I wrote about the state of Hong Kong stadium last week, after which two more games took place and another player was injured.
I don’t usually sympathize with players who get paid tens (and sometimes hundreds) of thousands of pounds per week for kicking a ball around a field, but that changes somewhat when their safety is willfully put at risk simply because the Premier League must make money at all costs.
The Manchester United squad was pictured watching the games on Saturday. Do these faces look like they are happy about playing here this evening?
Here is this week’s Sports Talk column:
Hong Kong hasn’t had this much attention from the UK media since the island changed hands back in 1997. With three English Premier League teams in the SAR last week to contest the Barclays Asia Trophy and Manchester United playing a friendly match there on Monday, British sports journalists had lots to write about.
Their focus, however, was not what was happening on the pitch, but rather the pitch itself. Heavy rain had rendered the playing surface of the 40,000-seater Hong Kong Stadium largely unplayable, with puddles sprinkled liberally around the field. Had these been Premier League games, they surely would have been postponed. But this is the league’s money-making summer bonanza, so the show had to go on.
The teams, quite simply, did not want to be there. Spurs manager Andre Villas-Boas actually said as much after seeing defender Jan Vertonghen carted off with a significant injury. Sunderland manager Paolo di Canio called it a “killer pitch” and while, fortunately, his words did not come true in the literal sense, the pitch claimed another victim in Saturday’s final when Manchester City‘s Matija Nastasic was stretchered off in some pain.
Edin Dzeko then missed a penalty for City, and glared at the spot after he fired the ball high into the stands – either trying to pass the buck, or, more likely, suggesting that the pitch was once again dictating the play.
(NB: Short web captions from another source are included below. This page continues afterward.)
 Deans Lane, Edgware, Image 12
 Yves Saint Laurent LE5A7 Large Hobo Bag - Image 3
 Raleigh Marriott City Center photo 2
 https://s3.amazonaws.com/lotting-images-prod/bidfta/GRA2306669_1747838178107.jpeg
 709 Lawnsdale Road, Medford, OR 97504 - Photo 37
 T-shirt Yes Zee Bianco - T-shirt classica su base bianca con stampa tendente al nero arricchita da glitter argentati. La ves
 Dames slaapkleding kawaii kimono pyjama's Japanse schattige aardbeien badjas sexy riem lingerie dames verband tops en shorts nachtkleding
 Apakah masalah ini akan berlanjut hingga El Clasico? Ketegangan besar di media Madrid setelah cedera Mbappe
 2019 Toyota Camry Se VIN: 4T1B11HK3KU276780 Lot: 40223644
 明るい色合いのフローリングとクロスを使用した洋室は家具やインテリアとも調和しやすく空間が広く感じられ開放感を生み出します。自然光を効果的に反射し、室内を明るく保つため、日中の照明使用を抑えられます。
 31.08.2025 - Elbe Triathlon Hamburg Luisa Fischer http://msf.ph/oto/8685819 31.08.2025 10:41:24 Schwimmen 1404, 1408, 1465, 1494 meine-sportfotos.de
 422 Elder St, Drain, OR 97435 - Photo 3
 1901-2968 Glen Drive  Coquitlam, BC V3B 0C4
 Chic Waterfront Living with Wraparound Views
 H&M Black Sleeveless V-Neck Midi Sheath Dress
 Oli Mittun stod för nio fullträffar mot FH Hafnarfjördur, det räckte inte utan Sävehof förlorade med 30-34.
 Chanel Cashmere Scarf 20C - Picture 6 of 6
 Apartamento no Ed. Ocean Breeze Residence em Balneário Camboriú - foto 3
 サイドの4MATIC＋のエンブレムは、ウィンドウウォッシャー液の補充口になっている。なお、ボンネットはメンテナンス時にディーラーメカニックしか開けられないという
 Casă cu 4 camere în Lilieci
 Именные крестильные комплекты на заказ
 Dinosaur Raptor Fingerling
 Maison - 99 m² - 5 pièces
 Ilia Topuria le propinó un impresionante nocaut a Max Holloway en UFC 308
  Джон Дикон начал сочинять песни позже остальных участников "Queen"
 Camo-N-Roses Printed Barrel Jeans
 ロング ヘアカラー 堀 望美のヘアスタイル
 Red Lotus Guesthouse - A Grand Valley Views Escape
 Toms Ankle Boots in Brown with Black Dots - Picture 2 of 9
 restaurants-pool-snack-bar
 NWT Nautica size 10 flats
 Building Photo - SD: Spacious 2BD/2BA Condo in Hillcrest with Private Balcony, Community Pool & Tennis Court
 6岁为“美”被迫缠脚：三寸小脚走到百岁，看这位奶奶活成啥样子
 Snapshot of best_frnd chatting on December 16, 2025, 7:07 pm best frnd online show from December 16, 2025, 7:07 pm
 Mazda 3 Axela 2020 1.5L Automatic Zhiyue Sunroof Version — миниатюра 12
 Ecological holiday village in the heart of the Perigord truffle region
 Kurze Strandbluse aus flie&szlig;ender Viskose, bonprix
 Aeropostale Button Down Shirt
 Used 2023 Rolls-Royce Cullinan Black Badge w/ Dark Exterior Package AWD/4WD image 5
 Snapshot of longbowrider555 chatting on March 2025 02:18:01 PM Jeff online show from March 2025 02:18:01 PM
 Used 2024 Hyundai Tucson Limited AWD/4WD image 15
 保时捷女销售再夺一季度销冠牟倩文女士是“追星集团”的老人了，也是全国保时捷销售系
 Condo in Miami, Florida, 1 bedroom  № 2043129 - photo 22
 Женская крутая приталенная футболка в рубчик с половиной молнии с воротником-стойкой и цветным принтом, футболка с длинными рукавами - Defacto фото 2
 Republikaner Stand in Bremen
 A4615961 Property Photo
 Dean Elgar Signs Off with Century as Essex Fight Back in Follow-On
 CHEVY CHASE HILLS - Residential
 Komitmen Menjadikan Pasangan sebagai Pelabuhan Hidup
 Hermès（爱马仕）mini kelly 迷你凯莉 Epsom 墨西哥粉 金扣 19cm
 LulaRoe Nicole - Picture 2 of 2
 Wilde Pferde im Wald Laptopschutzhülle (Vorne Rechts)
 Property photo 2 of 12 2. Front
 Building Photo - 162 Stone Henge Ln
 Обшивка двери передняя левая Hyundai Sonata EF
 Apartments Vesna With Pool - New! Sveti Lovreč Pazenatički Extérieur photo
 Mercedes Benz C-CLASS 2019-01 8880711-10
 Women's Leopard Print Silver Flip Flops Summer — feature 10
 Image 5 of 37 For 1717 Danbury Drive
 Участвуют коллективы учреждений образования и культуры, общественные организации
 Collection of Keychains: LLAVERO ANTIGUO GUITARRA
The fans are in a tough spot. They know this preseason tournament is little more than a training session, but it’s still the one chance every few years that most of them get to see Premier League players in the flesh.
In fact, the Premier League is so popular that it can demand a staggering $225 million over three years for TV broadcast rights just for Hong Kong, and the league knows that fans there would still rather watch a spectacle of players sliding around in the mud than nothing at all.
A cancellation – and the resulting PR hit – would have given the Premier League less leverage to drive up those TV rights still further next time around.
Manchester United officials were reportedly examining the fine print to see if they could cancel Monday’s friendly game, but it seems they are in a similar bind. Anger the fans with a last-minute cancellation and you can kiss goodbye to a bump in merchandise sales. So the show goes on rain or shine, and injuries become an inevitable consequence.